Data in this exercise:
▼▼▼
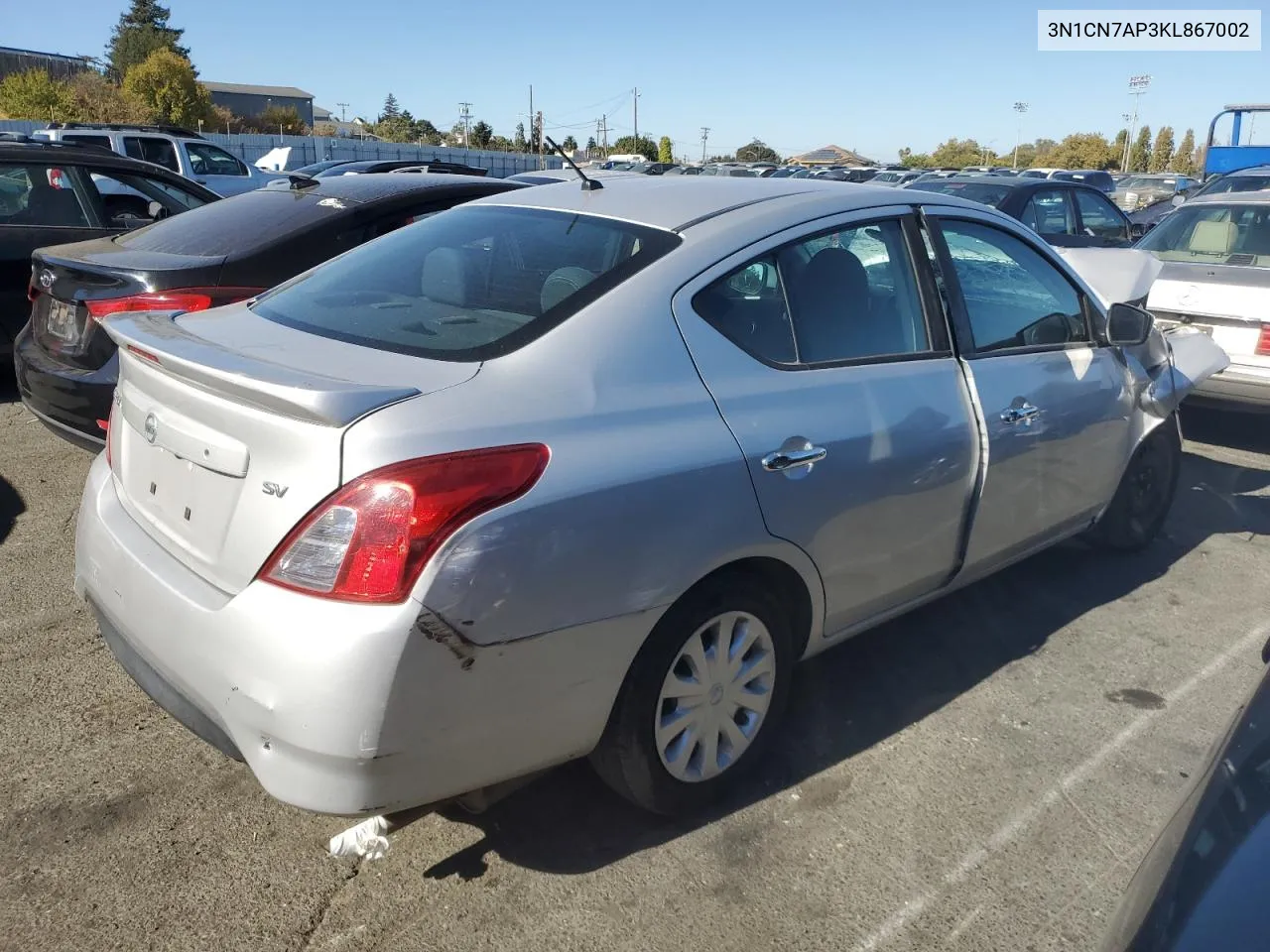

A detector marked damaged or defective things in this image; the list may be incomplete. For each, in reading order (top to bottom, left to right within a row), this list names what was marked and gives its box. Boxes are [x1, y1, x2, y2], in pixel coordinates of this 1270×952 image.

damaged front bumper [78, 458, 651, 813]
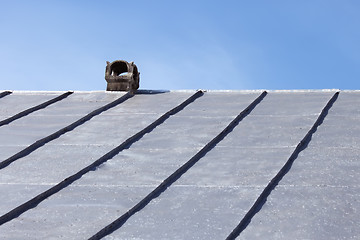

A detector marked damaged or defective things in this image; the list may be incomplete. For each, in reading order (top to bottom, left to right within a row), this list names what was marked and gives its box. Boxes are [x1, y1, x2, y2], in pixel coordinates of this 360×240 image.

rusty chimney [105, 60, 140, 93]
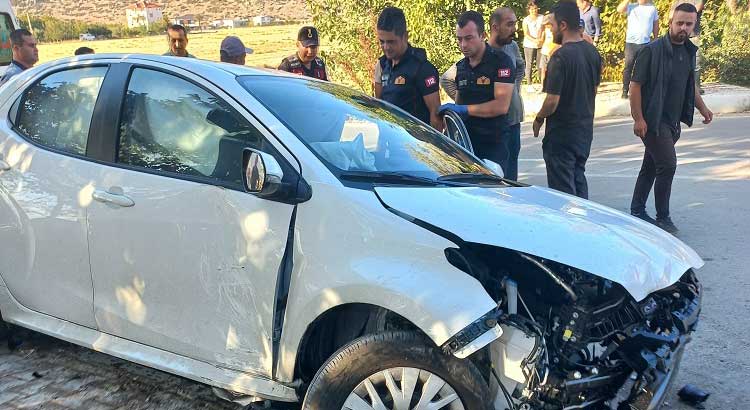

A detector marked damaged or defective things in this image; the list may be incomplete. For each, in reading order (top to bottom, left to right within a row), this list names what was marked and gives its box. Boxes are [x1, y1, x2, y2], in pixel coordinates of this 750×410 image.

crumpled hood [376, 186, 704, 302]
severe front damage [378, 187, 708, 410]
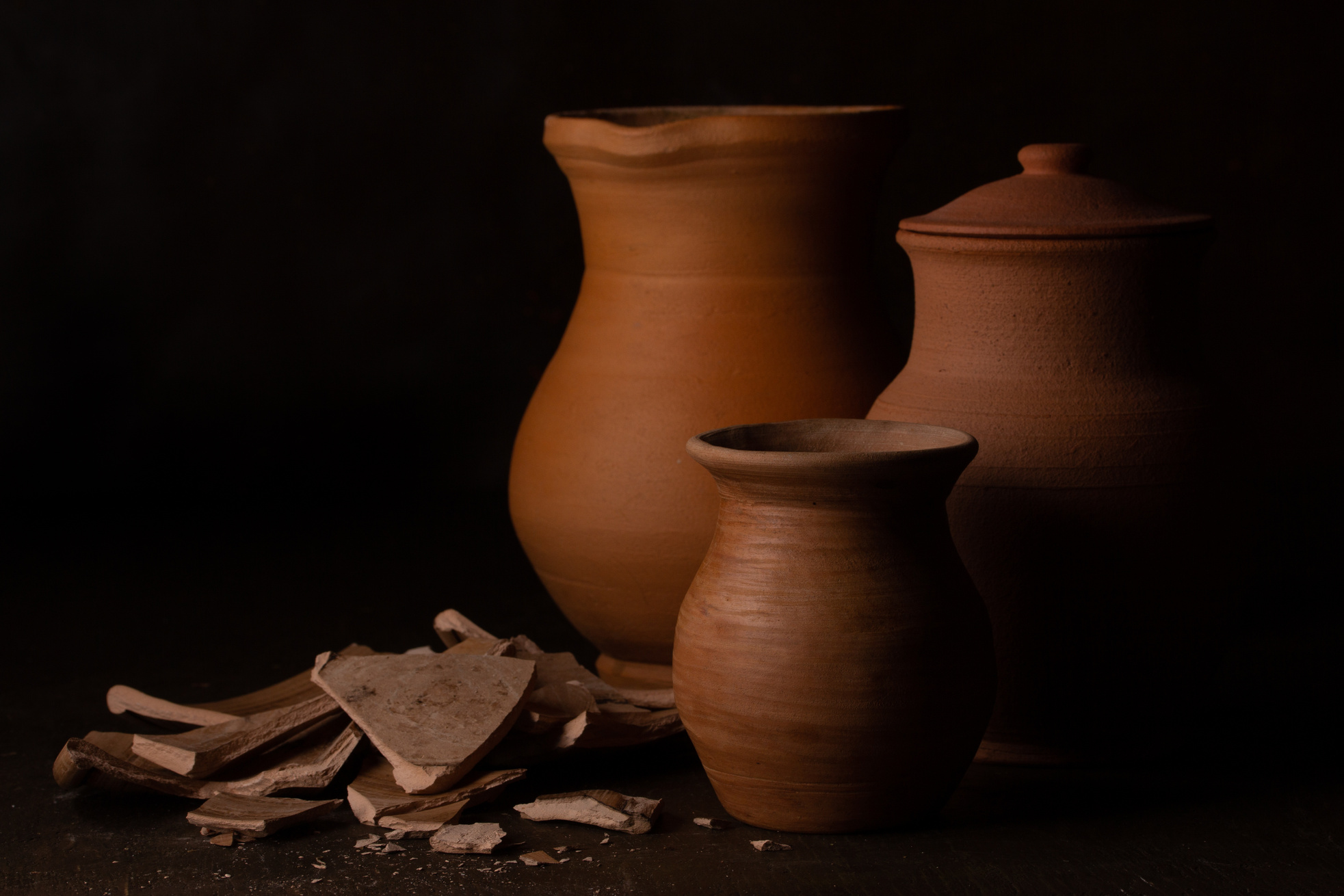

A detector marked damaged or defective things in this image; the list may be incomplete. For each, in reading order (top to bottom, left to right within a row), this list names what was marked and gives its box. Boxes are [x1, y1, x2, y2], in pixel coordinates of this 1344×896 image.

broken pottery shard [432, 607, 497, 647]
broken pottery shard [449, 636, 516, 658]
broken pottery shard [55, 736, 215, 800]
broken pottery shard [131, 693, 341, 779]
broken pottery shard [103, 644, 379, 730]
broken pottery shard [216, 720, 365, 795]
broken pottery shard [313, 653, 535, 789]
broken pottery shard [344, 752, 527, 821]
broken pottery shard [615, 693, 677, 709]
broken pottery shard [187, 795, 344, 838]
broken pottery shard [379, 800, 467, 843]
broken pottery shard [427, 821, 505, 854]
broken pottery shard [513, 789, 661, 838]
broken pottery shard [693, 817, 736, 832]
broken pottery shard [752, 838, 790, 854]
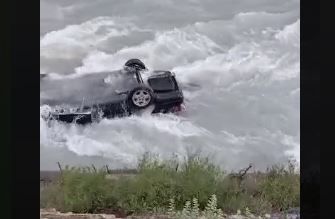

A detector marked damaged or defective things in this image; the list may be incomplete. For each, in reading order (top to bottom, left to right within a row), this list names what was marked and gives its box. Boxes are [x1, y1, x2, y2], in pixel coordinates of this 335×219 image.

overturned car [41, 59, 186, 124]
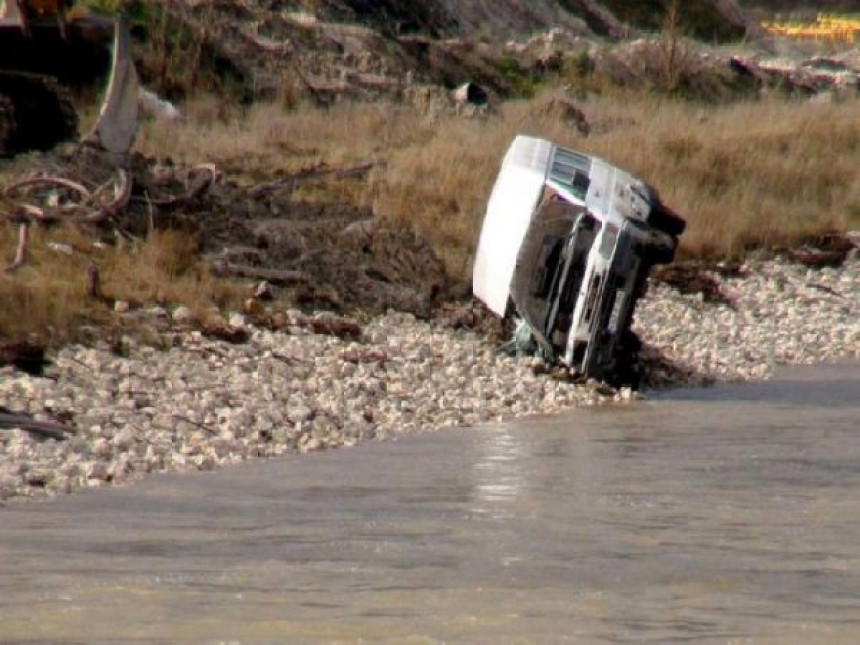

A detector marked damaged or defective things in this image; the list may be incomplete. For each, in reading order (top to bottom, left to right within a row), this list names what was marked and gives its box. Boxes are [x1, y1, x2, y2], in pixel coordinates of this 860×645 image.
▲▲▲
Work order: Word for word, output the lines from the line bearing "this 1344×896 image." through the end of the records above, and only those, without the pictures.

Result of the exercise:
A detector marked damaged or defective things in this image; the list may be incomplete. For each, in reading order (top to bottom, left to right within a row), this list names what was marked and gives its box. Boxes are [x1, y1, x2, y2], in pixel coordinates of this 1344×896 image.

broken pottery shard [432, 607, 497, 647]
broken pottery shard [449, 636, 516, 658]
broken pottery shard [55, 736, 215, 800]
broken pottery shard [131, 693, 341, 779]
broken pottery shard [103, 644, 379, 730]
broken pottery shard [216, 720, 365, 795]
broken pottery shard [313, 653, 535, 789]
broken pottery shard [344, 752, 527, 821]
broken pottery shard [615, 693, 677, 709]
broken pottery shard [187, 795, 344, 838]
broken pottery shard [379, 800, 467, 843]
broken pottery shard [427, 821, 505, 854]
broken pottery shard [513, 789, 661, 838]
broken pottery shard [693, 817, 736, 832]
broken pottery shard [752, 838, 790, 854]

A detector marked damaged or defective things in this image; the list may be incomplete. For each, in reading order (top to bottom, left to right within a row), this list names what was marked and gives its box. Boxes are [x1, y1, x2, y2], in pixel coordinates of this 335×219 image.

overturned car [41, 59, 186, 124]

A detector marked damaged or defective things in this image; the list may be incomplete. For each, in reading order (top to bottom, left to right within a row), this list names what was marked and gives its box. Boxes are [x1, y1, x2, y2], in pixel coordinates of this 860×645 image.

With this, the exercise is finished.